Despite alterations, Kyneton Post Office is a fine example of a mid-Victorian second generation combined post and telegraph office and residence. The broadly intact original form, fabric and planning including elements such as the colonnaded facade, private side porch and stair hall, kitchen wing and first floor rooms demonstrate the combined functionality of the building, although this has been diminished by later alterations. Stylistically, Kyneton Post Office is a handsome composition which is heightened by its imposing and well-embellished four level clock tower. Its bold massing and corner siting at the centre of Kyneton's civic precinct also contribute to its monumental expression. Architecturally, with the exception of the more elaborate clock tower, the form is a typical Commonwealth Department of Works response, one of the last under the aegis of William Wardell, to a substantial regional post office of the 1870s.

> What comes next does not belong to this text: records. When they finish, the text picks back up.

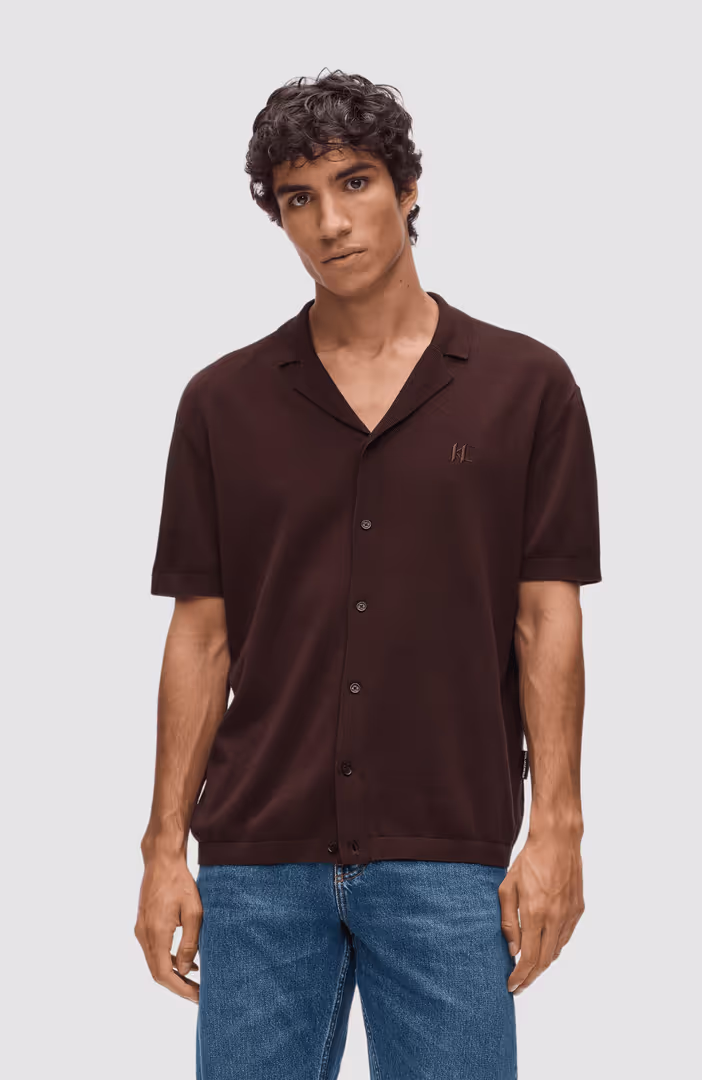 Buttoned Sslv Resort Polo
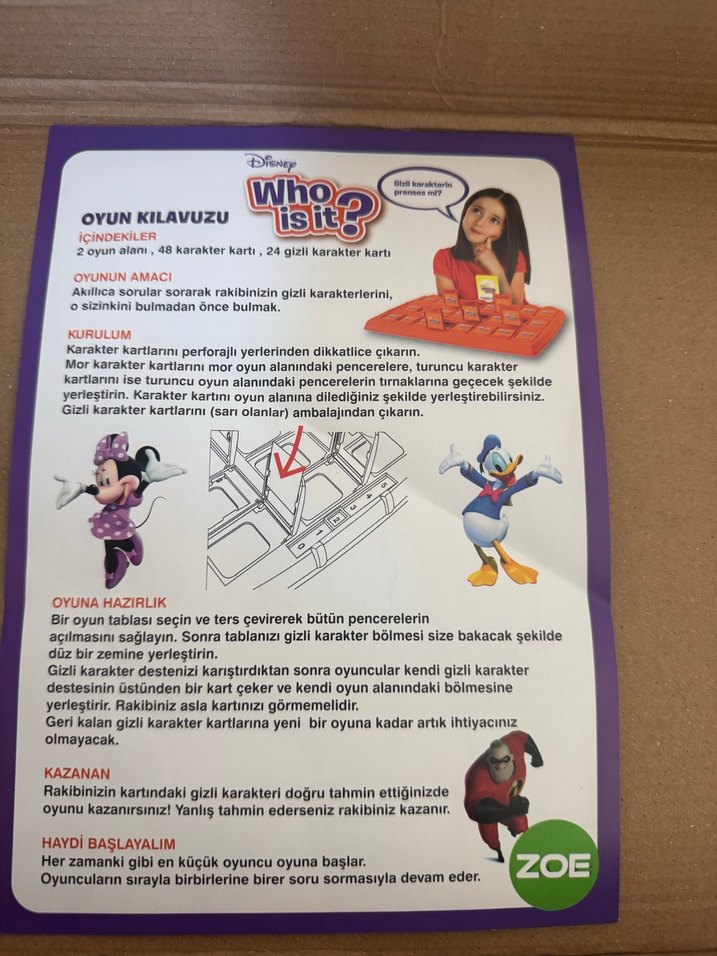 Disney Who is it? Klasik Tahmin Oyunu - Görsel 2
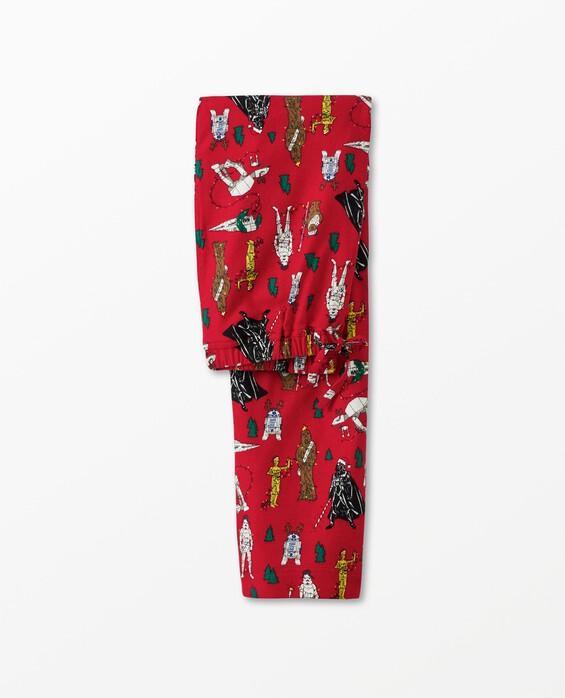 STAR WARS Holiday Print Flannel Pajama Pant, Star Wars Festive - Size Adult L by Hanna Andersson Product Image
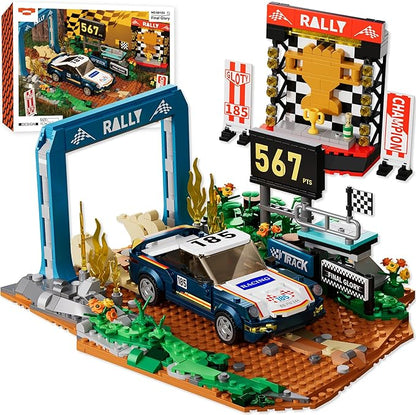 Car Building Set Off-Road Racing Car Buildings Blocks Sets for Adults Kids 8+ Miniature Vehicle Model w/ Forest Scene Modular Cars Building Kit Toys Gift for Birthday HolidaysFinal Glory 1081Pcs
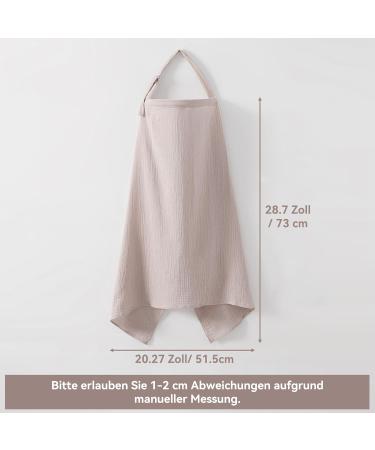 Euioovm Silent Scarf Breastfeeding Cover - Soft Cotton Multi-Purpose Apron & Sun Protection - Light Brown - Buy Online on GoSupps.com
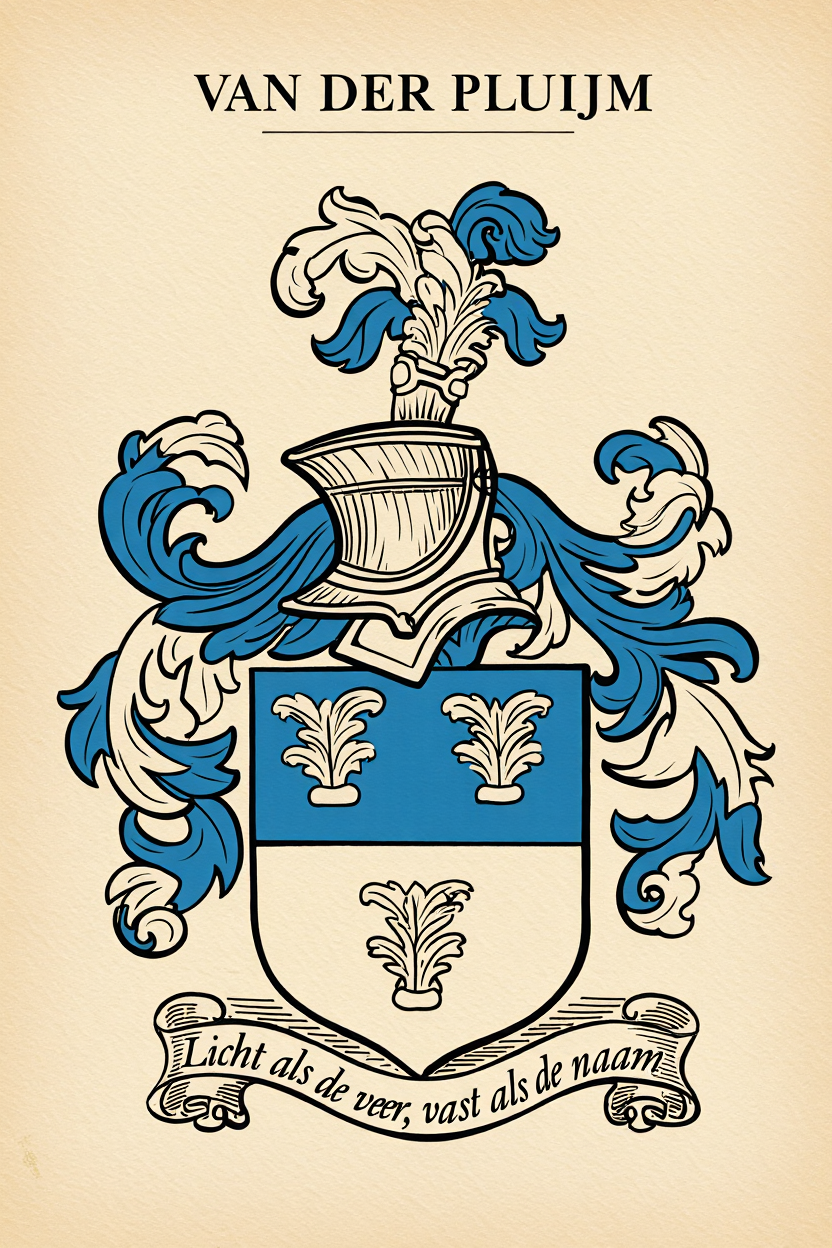Familiewapen van de achternaam VAN DER PLUIJM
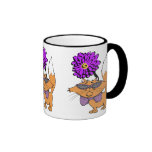 Purrrple Cat Dude Coffee Mugs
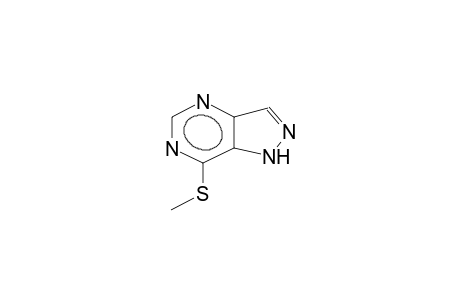 7-METHYLTHIOPYRAZOLO[4.3-D]PYRIMIDINE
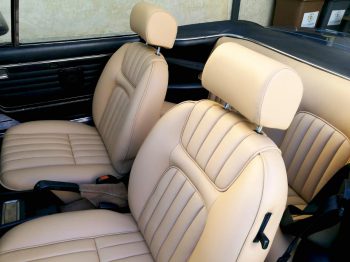 Réalisation Sellerie cuir sur 504 Cabriolet par RC Sellerie RC Sellerie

Centrally located on a prominent intersection in Mollison Street, the impressive post office building with its clock tower is a recognised local landmark within the main civic and commercial precinct of Kyneton, partnering with the nearby Shire Hall and four nineteenth century banks. The building also makes an important and harmonious contribution to the historic streetscape. Kyneton Post Office has additionally been an enduring and prominent component of the historic townscape for over 135 years, since the local community first agitated for its construction, and is a widely known and appreciated symbol identified with the town's origin and period of booming prosperity.

The curtilage includes the title block/allotment of the property.

The significant components of Kyneton Post Office include the main 1870–71 postal building and clock tower. The single-storey section of the building to the south, extended in c.1893 and again in 1910s–20s, is of contributory significance.